I don't feel like the therapy sessions are beneficial as all they do is ask about my childhood which they already know about. I have OCD and BPD....I'm going to ask my GP about other medications as the Fluoxetine isn't working.

The only way I can get better is to beat the OCD and BPD and I can only do that myself, I have all the tools for recovery I just don't feel like the CMHT are helping with it.

Is it possible to transfer your care back to the GP?

Thanks
Codes
 
R

Rose19602

Guest
Normally, I would say "get out of there"....especially if I thought that you were being handled inefficiently or something....but this doesn't quite sound like that.

Talking about your childhood is obviously a trigger for you. Were the overdoses connected to this perhaps?

In turn, I suspect, may be wrong, that therapy has been suspended due to the overdoses....to allow time for you to stabilise perhaps, if talking through your childhood has been very upsetting?
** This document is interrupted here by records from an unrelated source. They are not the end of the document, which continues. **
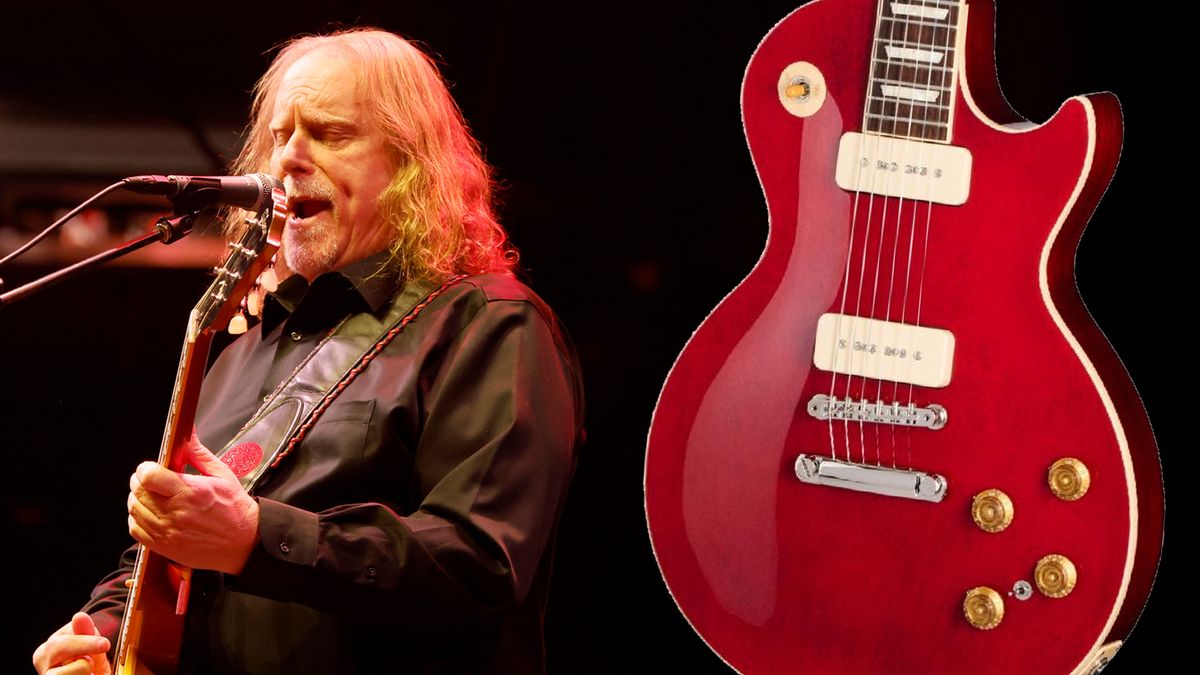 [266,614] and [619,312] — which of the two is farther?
[619,312]

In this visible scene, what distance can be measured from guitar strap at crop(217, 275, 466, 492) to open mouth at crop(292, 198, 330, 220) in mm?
216

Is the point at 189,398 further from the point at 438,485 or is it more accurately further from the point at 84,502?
the point at 84,502

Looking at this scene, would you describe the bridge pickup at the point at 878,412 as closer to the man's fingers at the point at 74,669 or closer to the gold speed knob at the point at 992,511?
the gold speed knob at the point at 992,511

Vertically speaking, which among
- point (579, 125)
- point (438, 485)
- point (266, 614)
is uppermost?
point (579, 125)

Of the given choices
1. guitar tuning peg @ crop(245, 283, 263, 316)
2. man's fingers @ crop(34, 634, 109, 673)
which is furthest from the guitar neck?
guitar tuning peg @ crop(245, 283, 263, 316)

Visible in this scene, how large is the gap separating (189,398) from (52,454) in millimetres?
1390

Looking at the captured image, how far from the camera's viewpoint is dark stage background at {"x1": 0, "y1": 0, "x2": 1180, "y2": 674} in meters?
2.15

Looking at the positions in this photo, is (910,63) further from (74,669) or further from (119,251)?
(74,669)

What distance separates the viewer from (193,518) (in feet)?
4.98

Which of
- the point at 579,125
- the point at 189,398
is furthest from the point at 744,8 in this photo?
the point at 189,398

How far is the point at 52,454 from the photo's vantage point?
9.21 feet

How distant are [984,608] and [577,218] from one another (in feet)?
4.31

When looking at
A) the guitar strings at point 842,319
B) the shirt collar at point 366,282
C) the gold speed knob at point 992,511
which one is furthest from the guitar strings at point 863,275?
the shirt collar at point 366,282

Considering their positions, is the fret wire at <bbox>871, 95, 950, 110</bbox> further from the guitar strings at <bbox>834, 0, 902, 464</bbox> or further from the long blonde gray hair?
the long blonde gray hair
The thing is, you will probably now spend some time "in limbo" without therapy and only reliant on you CCO due to this situation. That's obviously a tricky relationship for you, and one that you feel isn't helpful.

Your GP may be more helpful...but may, or may not, be able to allocate the extra time that you need. None of us get more than a 5 minute session these days do we and MH concerns take a lot longer to go through.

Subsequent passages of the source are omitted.